The schematic above depicts some of the subnetworks of interacting proteins that either promote or slow the progression of CLL.
Tumor Cells’ Inner Workings Predict Cancer Progression
Molecular markers help reveal nature of chronic lymphocytic leukemia – slow or fast
Using a new assay method to study tumor cells, researchers at the University of California, San Diego School of Medicine and UC San Diego Moores Cancer Center have found evidence of clonal evolution in chronic lymphocytic leukemia (CLL). The assay method distinguishes features of leukemia cells that indicate whether the disease will be aggressive or slow-moving, a key factor in when and how patients are treated.
The findings are published in the July 26, 2012 First Edition online issue of Blood.
The progression of CLL is highly variable, dependent upon the rate and effects of accumulating monoclonal B cells in the blood, marrow, and lymphoid tissues. Some patients are symptom-free for years and do not require treatment, which involves the use of drugs that can cause significant side effects and are not curative.

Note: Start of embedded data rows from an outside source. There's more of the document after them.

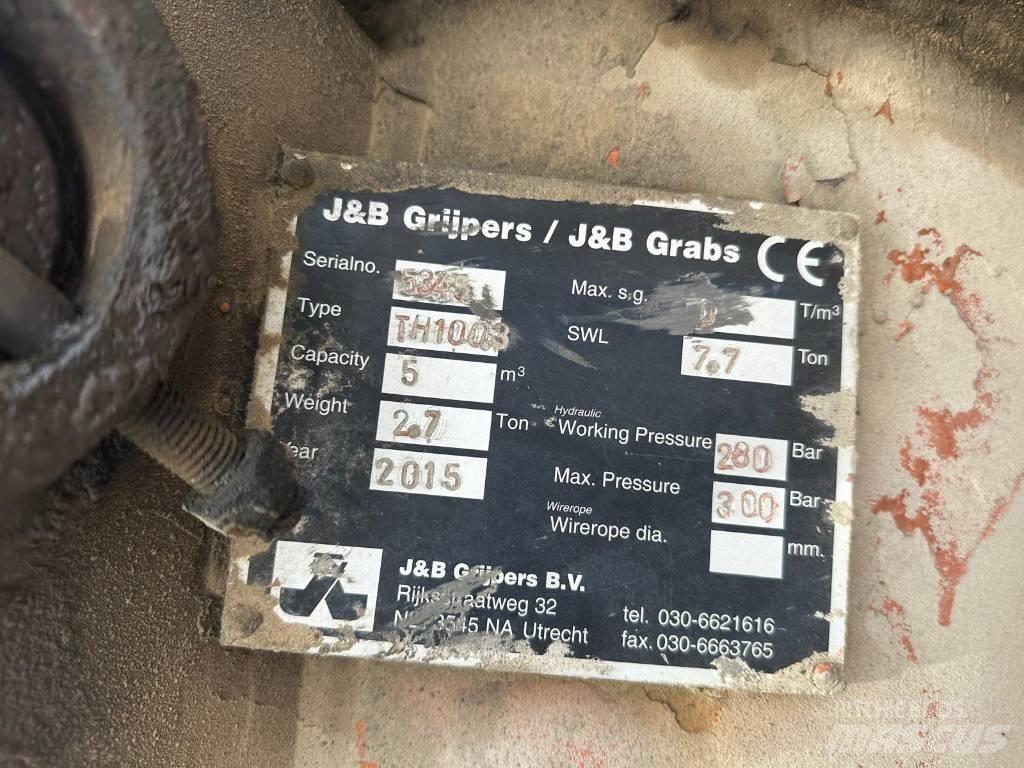  J&B Grijbers Grapples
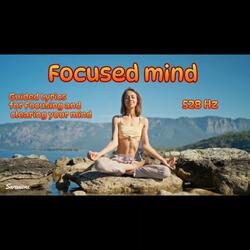 Calm The Storm Within 528 Hz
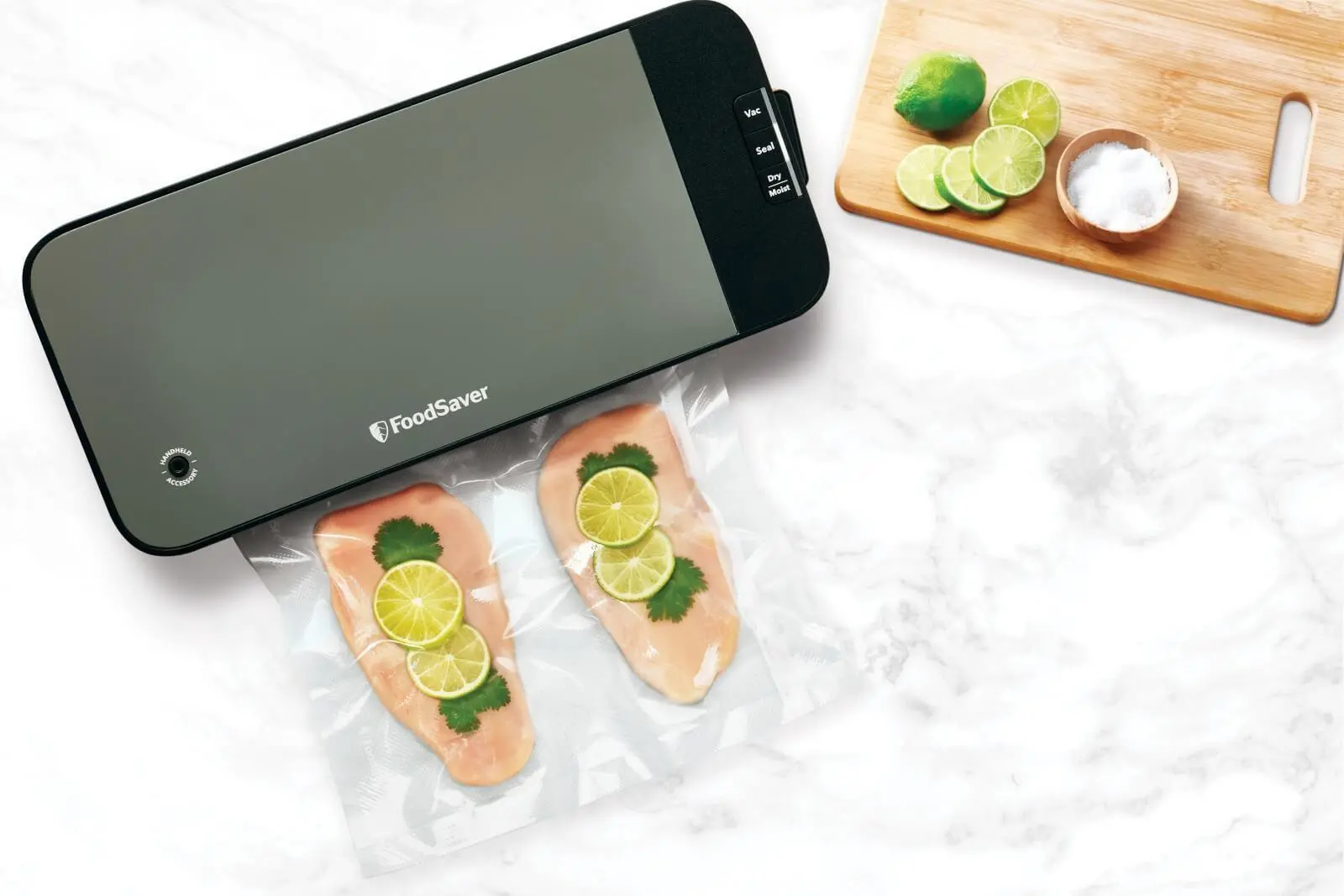 Zgrzewarka próżniowa FoodSaver VS2190X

In other patients, however, CLL is relatively aggressive and demands therapeutic intervention soon after diagnosis.
“Our study shows that there may not be a sharp dividing line between the more aggressive and less aggressive forms of CLL,” said Thomas J. Kipps, MD, PhD, Evelyn and Edwin Tasch Chair in Cancer Research and senior author of the study. “Instead, it seems that over time the leukemia cells of patients with indolent disease begin to use genes similar to those that are generally used by CLL cells of patients with aggressive disease. In other words, prior to requiring therapy, the patterns of genes expressed by CLL cells appear to converge, regardless of whether or not the patient had aggressive versus indolent disease at diagnosis.”
Existing markers for aggressive or indolent disease are mostly fixed and have declining predictive value the longer the patient is from his or her initial diagnosis. When the blood sample is collected, these markers cannot reliably predict whether a CLL patient will need therapy soon, particularly when the patient has had the diagnosis of CLL for many years.
Kipps and colleagues studied thousands of genes, particularly those that code for proteins, in a group of 130 CLL patients with varying risks of disease progression. They identified 38 prognostic subnetworks of interacting genes and proteins that, at the time of sample collection, indicate the relative the aggressiveness of the disease and predict when the patient will require therapy. They confirmed their work using the method on two other, smaller CLL patient cohorts in Germany and Italy.
The subnetworks offer greater predictive value because they are based not on expression levels of individual genes or proteins, but on how they dynamically interact and change over time, influencing the course of the CLL and patient symptoms.
“In a sense, we looked at families rather than individuals,” said Kipps. “If you find in an interconnected family where most genes or proteins are expressed at higher levels, it becomes more likely that these genes and proteins have functional significance.”